Having just taken part in the HathiTrust digital library workshop I chose to use HathiTrust and their analytical engine to do this text mining assignment. The first step was to find a collection of texts to analyze. Thankfully, HathiTrust has a tab specifically tailored to finding either ready made collections or forming new ones. I chose to use a collection of texts which used the word “detective” in published works prior to 1950. There were only 61 volumes in this particular collection, so it was a good place to start my experiment. It is worth mentioning that should you need to, HathiTrust allows you to make your own collections based on terms you search up. Using this collection I downloaded a TSV file which held all of the volumes in tabs according to the frequency of the word “detective”. HathiTrust’s analytics was located on a different site, where you can upload your TSV file and run algorithms to visualize a topic model of the term used, themes and frequency. Using the InPho Topic Model Explorer I was able to create an interactive topic bubble model. Attached is the link and screenshot of what the map looks like.


The algorithm groups clusters and color codes them automatically according to groups of topics and similar themes. If you follow the link you will see, for example, that the orange clusters are characterized by fictional stories, and mysteries in which the word “detective” is frequently used. If you use your mouse to hover over each bubble you will see these commonalities mentioned quite often. Also, it is easier to discern similar themes and topics if collision detection is turned off. The above image of the topic model is of the model with collision detection turned on. Below is an image of the topic model with collision detection turned off.

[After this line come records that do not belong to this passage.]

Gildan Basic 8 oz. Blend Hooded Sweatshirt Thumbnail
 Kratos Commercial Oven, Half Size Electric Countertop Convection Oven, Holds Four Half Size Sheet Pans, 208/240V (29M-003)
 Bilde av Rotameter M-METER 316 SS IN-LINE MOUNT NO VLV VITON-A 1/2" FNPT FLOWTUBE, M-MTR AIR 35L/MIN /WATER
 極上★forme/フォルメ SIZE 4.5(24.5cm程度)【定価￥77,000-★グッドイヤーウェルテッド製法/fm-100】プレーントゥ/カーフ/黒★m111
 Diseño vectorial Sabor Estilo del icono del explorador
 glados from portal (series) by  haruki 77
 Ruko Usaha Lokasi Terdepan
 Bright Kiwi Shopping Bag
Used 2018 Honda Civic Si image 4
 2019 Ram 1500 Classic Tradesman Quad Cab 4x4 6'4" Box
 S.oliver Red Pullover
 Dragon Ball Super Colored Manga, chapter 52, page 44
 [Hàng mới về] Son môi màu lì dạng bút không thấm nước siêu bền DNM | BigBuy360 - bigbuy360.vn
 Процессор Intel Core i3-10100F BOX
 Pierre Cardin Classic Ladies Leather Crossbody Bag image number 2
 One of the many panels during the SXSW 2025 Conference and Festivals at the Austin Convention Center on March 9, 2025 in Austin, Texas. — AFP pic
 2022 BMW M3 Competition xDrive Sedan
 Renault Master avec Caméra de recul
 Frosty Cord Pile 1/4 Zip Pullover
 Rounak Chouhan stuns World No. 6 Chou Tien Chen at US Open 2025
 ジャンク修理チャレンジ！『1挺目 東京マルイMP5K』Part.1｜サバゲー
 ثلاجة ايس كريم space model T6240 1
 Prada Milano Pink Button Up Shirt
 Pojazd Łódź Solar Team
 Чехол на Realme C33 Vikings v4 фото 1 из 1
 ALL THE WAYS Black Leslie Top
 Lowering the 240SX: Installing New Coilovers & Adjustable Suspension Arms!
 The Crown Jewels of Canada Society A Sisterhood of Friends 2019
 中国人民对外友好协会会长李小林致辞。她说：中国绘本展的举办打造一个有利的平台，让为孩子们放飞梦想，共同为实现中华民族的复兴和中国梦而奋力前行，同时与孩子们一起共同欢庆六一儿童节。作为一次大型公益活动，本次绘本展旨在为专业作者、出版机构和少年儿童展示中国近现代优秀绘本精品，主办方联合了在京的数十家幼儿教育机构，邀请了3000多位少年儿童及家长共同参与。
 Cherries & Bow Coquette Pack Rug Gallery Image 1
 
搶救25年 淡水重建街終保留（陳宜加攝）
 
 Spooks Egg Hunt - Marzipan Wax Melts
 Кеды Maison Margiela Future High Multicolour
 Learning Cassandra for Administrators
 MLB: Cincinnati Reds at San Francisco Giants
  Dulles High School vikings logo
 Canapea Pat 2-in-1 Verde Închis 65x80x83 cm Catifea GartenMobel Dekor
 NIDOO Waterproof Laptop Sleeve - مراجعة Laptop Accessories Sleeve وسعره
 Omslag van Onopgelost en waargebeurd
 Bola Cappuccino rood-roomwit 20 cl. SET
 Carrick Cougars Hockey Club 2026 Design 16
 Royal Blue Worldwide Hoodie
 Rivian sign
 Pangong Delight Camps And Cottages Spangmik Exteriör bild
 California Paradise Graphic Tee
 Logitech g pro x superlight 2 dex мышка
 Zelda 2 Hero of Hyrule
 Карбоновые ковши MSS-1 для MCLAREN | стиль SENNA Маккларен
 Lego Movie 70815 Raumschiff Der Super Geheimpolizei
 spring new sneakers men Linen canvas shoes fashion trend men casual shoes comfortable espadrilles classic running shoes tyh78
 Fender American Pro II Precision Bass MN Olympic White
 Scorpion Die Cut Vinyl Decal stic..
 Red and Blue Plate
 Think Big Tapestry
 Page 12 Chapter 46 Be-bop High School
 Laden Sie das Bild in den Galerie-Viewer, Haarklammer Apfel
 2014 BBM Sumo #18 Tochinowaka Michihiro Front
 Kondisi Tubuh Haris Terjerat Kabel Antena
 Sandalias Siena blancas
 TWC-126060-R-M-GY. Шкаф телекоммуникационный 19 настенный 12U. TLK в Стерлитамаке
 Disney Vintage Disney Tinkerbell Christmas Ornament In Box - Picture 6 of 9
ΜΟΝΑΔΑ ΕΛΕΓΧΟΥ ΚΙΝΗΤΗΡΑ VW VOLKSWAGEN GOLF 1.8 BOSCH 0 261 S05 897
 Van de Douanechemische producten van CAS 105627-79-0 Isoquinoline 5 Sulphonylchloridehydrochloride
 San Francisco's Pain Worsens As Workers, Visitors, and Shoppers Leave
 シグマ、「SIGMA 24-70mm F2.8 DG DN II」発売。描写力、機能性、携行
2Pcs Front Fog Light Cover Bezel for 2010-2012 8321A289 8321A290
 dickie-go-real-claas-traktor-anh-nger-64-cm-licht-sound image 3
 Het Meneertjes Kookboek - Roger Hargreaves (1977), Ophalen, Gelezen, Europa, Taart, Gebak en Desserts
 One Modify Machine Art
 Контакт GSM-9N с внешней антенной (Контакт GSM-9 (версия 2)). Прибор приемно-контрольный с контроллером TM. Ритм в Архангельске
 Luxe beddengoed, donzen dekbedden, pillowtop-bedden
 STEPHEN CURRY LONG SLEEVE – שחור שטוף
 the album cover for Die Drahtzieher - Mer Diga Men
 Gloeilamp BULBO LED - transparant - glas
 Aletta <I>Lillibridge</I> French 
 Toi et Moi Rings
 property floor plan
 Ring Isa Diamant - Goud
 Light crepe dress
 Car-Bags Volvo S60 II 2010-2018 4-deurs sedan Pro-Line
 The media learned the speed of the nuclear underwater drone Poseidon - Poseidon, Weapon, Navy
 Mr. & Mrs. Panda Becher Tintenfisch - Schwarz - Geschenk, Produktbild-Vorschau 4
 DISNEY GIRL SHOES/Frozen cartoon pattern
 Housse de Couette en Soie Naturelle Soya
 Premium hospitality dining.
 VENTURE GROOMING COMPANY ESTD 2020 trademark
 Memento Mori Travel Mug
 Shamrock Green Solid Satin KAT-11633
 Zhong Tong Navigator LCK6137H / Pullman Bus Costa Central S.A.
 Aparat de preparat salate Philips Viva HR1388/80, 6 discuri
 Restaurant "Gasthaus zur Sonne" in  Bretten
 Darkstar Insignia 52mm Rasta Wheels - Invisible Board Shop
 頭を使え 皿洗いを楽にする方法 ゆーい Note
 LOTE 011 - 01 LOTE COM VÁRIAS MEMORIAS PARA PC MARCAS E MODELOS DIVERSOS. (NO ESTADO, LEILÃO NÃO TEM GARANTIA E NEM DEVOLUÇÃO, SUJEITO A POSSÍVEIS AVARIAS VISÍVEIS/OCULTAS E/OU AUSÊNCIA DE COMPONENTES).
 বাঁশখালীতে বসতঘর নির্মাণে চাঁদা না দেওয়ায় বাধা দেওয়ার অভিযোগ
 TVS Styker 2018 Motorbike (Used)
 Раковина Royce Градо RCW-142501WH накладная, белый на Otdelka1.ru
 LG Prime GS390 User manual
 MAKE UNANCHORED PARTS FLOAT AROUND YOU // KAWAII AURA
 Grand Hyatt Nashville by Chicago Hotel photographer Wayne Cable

Hovering over the cluster with collision detection turned off makes it easier to see what themes the color coded clusters share.

Being curious about the trends of the terms “detective” and “crime” I then utilized HathiTrust’s Bookworm application to further this experiment. The Bookworm search does not use a specific collection, rather it searches HathiTrust’s entire digital library to display a simple double line graph of the usage of terms over time. The end result is a clear visualization of the the trends in term usage over a period of 250 years.

From this graph the most significant take away is the correlation of the uptake in usage of the terms “detective” and “crime” with the rising popularity of detective novels and media from the 1920’s on. Prior to 1920, as is confirmed by the InPho Topic Model, the term “detective” was used in mostly a non-fictional or informational capacity.

A downside to both Bookworm and the InPho Topic Model Explorer is that the texts themselves are not listed. To access the texts used one would either have to record every volume in a collection or look closer into the TSV file itself, as far as I know. Since I attended the workshop finding my way around HathiTrust was not too difficult, however, they are limited by the scope of information available through their digital library. Although partnered with several institutions, including the Grad Center, you may not have much luck mining more obscure terminology. Some terms include those with ethnic connotations or terms not consistent with Western academia, like terms with regional specificity.